Surviving Stagflation

05/19/2011 9:00 am EST

Focus: MARKETS

Jim Lowell

Senior Partner & Chief Investment Strategist, Adviser Investments

Investors are gravitating toward large-cap dividend payers and tax-free munis, but they shouldn’t ignore the defensive qualities of small-cap growth stocks, writes Jim Lowell of Fidelity Investor .

Defense appears to make the most sense.

Recent fund flows show some smart buyers of muni-bond funds, set against a backdrop of a ton of sellers of most everything else.

But it’s interesting to note that the selling doesn’t cover everything; in fact, there’s been only a slight nudge for selling of diversified stock funds, growth funds, and growth and income funds, while there remains notable selling in taxable bonds and cash.
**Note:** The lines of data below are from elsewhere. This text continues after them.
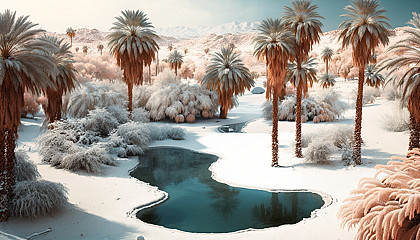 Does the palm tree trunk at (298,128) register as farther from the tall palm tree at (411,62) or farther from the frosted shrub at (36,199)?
the frosted shrub at (36,199)

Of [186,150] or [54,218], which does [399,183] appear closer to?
[54,218]

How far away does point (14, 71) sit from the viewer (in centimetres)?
910

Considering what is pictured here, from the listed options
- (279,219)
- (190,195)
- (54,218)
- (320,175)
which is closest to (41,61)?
(54,218)

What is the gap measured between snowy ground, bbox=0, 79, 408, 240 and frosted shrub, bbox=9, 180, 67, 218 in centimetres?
25

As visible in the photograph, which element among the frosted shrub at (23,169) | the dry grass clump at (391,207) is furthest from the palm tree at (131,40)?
the dry grass clump at (391,207)

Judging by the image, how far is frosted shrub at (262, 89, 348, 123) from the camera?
2964 centimetres

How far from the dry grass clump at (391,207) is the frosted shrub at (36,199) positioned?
27.1ft

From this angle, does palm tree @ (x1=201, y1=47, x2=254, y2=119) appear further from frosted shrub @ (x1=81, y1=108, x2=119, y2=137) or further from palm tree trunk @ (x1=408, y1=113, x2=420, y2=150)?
palm tree trunk @ (x1=408, y1=113, x2=420, y2=150)

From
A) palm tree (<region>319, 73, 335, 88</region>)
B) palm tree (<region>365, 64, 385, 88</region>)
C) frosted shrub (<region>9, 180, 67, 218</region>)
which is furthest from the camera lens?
palm tree (<region>319, 73, 335, 88</region>)

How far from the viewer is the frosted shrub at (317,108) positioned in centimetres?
2964

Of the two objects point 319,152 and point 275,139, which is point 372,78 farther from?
point 275,139

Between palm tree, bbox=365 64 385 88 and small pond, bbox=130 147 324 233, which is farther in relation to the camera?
palm tree, bbox=365 64 385 88

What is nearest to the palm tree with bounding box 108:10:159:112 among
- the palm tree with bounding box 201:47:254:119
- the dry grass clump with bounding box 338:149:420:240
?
the palm tree with bounding box 201:47:254:119

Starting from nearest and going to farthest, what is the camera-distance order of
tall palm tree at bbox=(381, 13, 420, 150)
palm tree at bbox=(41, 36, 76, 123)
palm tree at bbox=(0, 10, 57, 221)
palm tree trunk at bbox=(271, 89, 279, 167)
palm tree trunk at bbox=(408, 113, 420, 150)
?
palm tree at bbox=(0, 10, 57, 221), tall palm tree at bbox=(381, 13, 420, 150), palm tree trunk at bbox=(408, 113, 420, 150), palm tree trunk at bbox=(271, 89, 279, 167), palm tree at bbox=(41, 36, 76, 123) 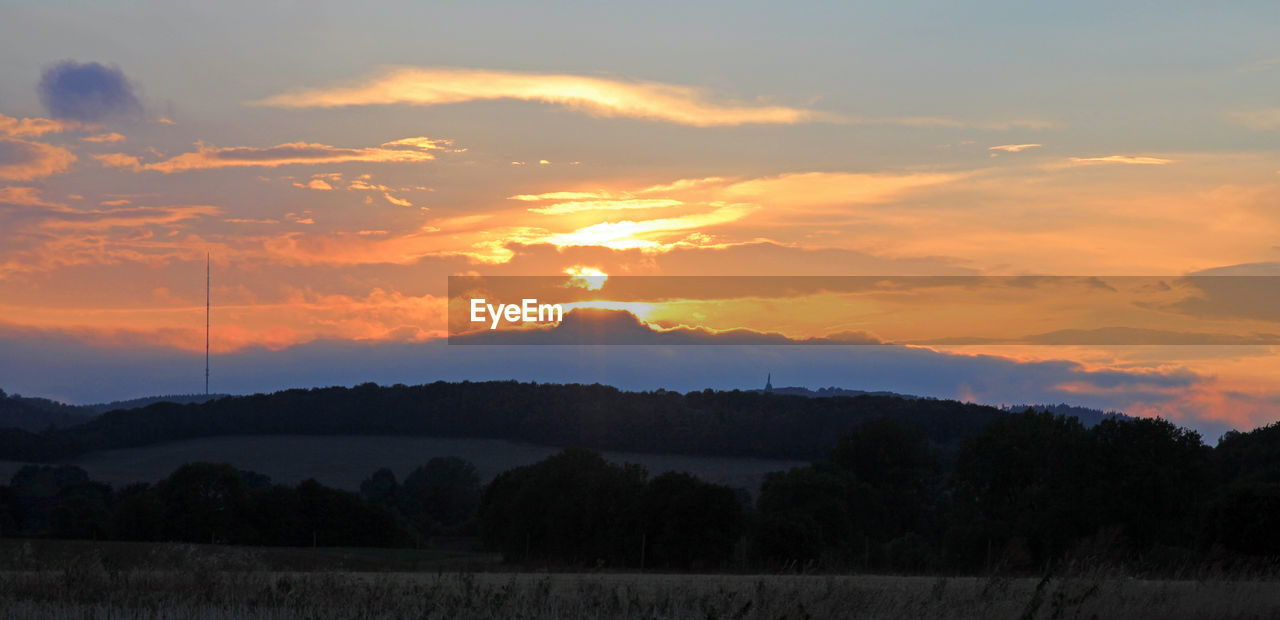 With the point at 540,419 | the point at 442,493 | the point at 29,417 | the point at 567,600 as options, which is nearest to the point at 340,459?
the point at 442,493

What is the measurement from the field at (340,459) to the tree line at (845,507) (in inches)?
884

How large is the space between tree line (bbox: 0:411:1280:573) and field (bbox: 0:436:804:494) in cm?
2246

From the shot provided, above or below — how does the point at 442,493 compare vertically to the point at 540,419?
below

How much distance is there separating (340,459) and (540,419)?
1174 inches

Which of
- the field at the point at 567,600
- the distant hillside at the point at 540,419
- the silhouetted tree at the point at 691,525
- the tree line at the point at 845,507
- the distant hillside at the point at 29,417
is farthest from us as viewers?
the distant hillside at the point at 29,417

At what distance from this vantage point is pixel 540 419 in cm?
16575

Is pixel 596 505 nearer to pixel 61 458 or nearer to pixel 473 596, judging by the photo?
pixel 473 596

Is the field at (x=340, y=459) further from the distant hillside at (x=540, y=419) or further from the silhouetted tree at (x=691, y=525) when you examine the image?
the silhouetted tree at (x=691, y=525)

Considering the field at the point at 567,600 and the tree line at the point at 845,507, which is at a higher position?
the field at the point at 567,600

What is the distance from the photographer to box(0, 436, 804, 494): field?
136875 millimetres

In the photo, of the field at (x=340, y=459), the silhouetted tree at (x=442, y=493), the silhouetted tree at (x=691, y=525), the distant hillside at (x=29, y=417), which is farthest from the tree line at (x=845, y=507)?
the distant hillside at (x=29, y=417)

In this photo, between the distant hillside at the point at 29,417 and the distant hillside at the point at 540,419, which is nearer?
the distant hillside at the point at 540,419

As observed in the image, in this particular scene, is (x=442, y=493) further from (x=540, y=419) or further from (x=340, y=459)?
(x=540, y=419)

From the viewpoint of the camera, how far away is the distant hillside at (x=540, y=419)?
148375 mm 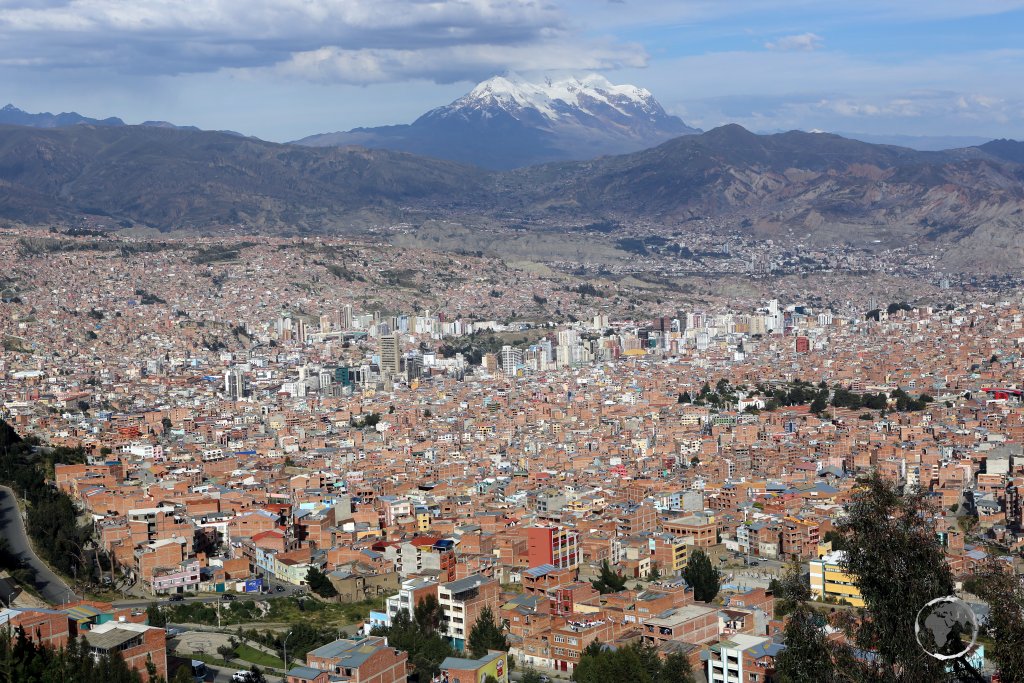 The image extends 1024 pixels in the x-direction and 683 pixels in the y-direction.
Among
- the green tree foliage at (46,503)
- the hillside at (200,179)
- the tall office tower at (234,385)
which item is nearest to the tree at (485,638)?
the green tree foliage at (46,503)

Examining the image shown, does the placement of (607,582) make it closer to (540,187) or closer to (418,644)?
(418,644)

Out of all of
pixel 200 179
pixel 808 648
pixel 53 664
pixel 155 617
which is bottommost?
pixel 155 617

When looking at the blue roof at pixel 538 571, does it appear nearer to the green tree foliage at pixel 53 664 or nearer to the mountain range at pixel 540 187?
the green tree foliage at pixel 53 664

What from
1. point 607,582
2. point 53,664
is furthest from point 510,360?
point 53,664

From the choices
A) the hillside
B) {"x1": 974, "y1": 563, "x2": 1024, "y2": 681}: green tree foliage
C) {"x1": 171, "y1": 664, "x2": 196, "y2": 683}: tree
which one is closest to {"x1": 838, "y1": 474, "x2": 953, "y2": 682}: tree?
{"x1": 974, "y1": 563, "x2": 1024, "y2": 681}: green tree foliage

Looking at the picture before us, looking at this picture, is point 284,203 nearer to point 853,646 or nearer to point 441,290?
point 441,290

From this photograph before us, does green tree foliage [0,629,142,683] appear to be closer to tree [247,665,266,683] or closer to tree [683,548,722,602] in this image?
tree [247,665,266,683] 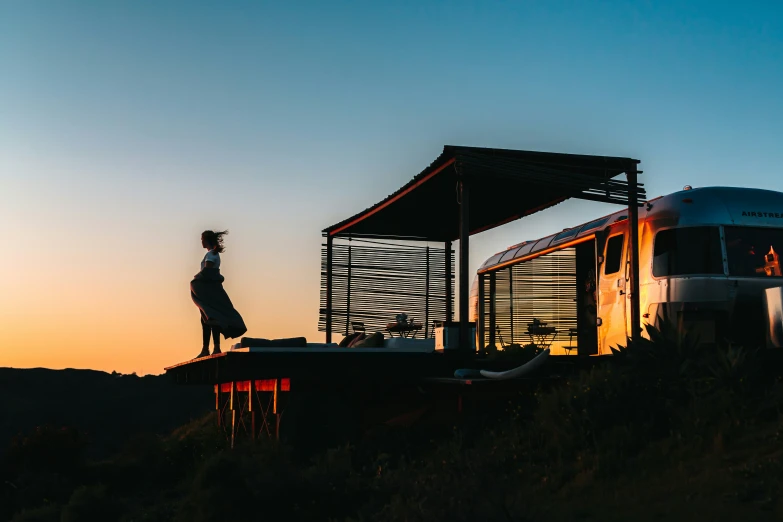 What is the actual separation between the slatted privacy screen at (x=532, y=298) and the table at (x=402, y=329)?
1796mm

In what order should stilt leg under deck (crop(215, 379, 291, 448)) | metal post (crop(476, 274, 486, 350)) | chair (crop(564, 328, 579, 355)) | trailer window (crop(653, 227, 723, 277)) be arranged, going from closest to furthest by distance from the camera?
trailer window (crop(653, 227, 723, 277)) < stilt leg under deck (crop(215, 379, 291, 448)) < chair (crop(564, 328, 579, 355)) < metal post (crop(476, 274, 486, 350))

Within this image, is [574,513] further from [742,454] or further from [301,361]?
[301,361]

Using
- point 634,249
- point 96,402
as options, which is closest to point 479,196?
point 634,249

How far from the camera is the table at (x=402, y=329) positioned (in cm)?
1934

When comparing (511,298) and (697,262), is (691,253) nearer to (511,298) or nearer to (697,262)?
(697,262)

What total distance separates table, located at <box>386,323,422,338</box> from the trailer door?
5.05m

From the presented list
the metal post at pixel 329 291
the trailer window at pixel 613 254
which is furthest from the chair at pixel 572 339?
the metal post at pixel 329 291

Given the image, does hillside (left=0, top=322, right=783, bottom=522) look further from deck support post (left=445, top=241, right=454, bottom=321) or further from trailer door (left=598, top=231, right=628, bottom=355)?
deck support post (left=445, top=241, right=454, bottom=321)

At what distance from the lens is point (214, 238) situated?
14.7 metres

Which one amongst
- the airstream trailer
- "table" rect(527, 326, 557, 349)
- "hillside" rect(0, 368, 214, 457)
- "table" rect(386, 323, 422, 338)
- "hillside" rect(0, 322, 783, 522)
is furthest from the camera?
"hillside" rect(0, 368, 214, 457)

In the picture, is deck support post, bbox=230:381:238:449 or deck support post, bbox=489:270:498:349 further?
deck support post, bbox=489:270:498:349

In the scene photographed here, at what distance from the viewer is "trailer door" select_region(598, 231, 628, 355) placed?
14.5 meters

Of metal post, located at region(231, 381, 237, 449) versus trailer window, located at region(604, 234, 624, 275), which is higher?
trailer window, located at region(604, 234, 624, 275)

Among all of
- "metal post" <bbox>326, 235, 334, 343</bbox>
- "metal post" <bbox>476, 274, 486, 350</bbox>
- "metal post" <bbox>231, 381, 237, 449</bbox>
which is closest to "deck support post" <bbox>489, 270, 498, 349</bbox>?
"metal post" <bbox>476, 274, 486, 350</bbox> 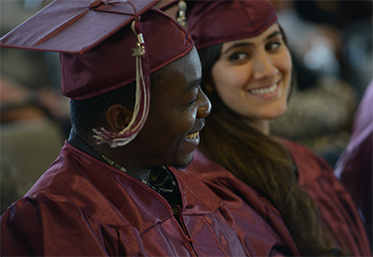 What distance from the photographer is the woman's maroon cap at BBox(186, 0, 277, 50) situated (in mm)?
1480

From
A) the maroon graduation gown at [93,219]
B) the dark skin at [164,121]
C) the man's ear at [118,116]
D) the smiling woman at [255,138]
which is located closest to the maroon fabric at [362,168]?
the smiling woman at [255,138]

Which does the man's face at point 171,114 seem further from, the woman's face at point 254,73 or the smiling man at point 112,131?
the woman's face at point 254,73

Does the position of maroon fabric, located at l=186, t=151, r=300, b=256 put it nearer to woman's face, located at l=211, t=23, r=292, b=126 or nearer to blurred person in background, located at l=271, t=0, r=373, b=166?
woman's face, located at l=211, t=23, r=292, b=126

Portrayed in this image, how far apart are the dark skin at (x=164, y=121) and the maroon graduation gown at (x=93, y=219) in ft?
0.11

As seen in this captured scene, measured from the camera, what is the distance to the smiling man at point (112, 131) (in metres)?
0.87

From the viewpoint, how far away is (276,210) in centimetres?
148

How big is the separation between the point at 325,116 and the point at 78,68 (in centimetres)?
253

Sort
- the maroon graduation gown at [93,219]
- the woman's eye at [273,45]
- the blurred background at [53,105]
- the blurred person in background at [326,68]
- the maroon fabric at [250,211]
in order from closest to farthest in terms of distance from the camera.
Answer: the maroon graduation gown at [93,219] → the maroon fabric at [250,211] → the woman's eye at [273,45] → the blurred background at [53,105] → the blurred person in background at [326,68]

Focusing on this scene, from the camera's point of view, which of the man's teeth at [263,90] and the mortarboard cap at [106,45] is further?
the man's teeth at [263,90]

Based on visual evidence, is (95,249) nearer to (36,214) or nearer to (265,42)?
(36,214)

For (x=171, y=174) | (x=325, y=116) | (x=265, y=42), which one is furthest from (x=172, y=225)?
(x=325, y=116)

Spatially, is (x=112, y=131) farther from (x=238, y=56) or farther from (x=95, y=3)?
(x=238, y=56)

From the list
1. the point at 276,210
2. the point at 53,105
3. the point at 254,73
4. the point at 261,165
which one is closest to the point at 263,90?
the point at 254,73

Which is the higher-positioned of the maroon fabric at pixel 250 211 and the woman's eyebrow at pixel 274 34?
the woman's eyebrow at pixel 274 34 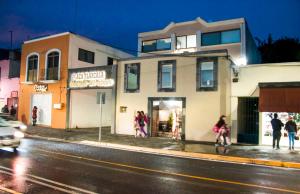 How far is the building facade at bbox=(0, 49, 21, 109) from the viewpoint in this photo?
112 ft

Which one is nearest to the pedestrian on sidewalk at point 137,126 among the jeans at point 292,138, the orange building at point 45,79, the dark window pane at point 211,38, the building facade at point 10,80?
the orange building at point 45,79

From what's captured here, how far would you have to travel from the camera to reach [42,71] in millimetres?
29828

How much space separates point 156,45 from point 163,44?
0.99 m

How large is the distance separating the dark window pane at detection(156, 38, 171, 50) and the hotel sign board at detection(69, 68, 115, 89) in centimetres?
1141

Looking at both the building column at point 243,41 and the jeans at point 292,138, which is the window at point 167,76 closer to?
the jeans at point 292,138

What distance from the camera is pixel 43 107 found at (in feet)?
97.7

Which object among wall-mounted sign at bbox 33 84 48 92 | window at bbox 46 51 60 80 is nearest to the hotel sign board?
window at bbox 46 51 60 80

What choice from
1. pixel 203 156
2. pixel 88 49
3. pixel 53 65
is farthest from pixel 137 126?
pixel 53 65

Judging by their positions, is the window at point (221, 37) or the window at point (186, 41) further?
the window at point (186, 41)

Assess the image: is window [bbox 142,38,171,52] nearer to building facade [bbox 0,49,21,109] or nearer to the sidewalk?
building facade [bbox 0,49,21,109]

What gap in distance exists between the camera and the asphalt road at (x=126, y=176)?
798 cm

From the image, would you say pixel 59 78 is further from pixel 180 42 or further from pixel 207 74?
pixel 207 74

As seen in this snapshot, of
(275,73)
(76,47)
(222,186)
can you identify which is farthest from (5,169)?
(76,47)

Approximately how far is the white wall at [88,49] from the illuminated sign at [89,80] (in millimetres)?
1553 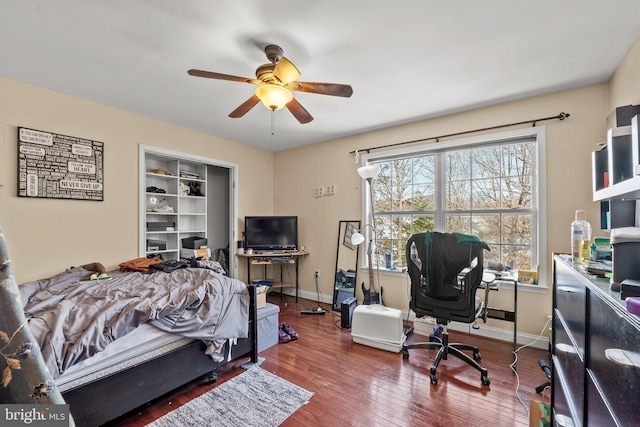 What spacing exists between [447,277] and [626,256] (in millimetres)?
1480

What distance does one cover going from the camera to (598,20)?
1.69 m

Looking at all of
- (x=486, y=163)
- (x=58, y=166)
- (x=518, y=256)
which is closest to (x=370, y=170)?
(x=486, y=163)

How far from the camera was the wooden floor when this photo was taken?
1777mm

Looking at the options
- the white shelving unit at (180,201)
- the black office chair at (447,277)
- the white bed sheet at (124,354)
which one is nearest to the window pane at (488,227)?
the black office chair at (447,277)

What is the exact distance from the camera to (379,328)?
2715 millimetres

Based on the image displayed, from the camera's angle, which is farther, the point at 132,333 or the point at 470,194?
the point at 470,194

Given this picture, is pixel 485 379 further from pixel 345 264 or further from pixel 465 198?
pixel 345 264

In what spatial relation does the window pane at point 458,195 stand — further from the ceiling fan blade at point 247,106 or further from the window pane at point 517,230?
the ceiling fan blade at point 247,106

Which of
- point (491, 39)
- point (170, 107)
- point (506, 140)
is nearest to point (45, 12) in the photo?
point (170, 107)

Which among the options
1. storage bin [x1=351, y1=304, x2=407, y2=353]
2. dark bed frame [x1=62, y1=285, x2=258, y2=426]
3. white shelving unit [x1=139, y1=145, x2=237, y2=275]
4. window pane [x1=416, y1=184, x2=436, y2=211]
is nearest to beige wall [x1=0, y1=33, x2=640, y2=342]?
white shelving unit [x1=139, y1=145, x2=237, y2=275]

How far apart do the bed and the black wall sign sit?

Seeking the yield absent in most taxables, a flight to utilities is evident. Not that utilities aren’t less interest-sensitive; they’re prone to any hike. But tomorrow’s risk appears to be overlooked in favor of what can yield more today.

Overall, the flows suggest a lack of conviction on the equity side of the fence.

Meanwhile, China is moved to position another loan-reserve hike in an effort to slow its growth. Brazil raised its benchmark interest rate to 12%, its third quarter-point rate hike this year.

Commodity prices are screaming inflation in a Fed forest where no one seems to be able to hear: Inflation isn’t abating in the hottest growing region of the world. Meanwhile, here at home, inflation in more than just food and energy are cropping up—yet our Fed continues to suggest that any signs of inflation will be temporary. I hope so, but I don’t think so.

Given the woeful jobs market, the theme of stagflation can’t be as easily dismissed as I’d hoped.

When inflation rises, and bonds lose their appeal, yield seekers tend to turn toward dividend-paying stocks—even more so if stagflation wrangles its way onto the field. Growth-oriented, mega-cap multinationals and smaller-cap growth companies have fared well in past bouts of these contenders.

They look to be even better positioned this time around, given:

  • their battleship balance sheets
  • competitive dividends with more traditional, value-oriented, dividend-paying sectors
  • global growth plays
  • and ability to offset inflation here with foreign-exchange rates in the global marketplaces they trade in

Small-cap growth is a sector that most analysts I speak with are shunning in favor of large-cap stocks, partly on the assumption that they’ll fare worse in an inflationary environment.

I don’t share that view. I think small-cap growth companies with good balance sheets have not only proven their bear-market mettle, they’ve also learned a new trick or two for how to grow in what are still tough times. Moreover, many small-cap growth companies are emerging multinationals.

There is no dividend play in the small-cap camp, but I still think the other attributes offset the fact that yield tends to be the driver of investment decisions in inflationary and stagflationary times.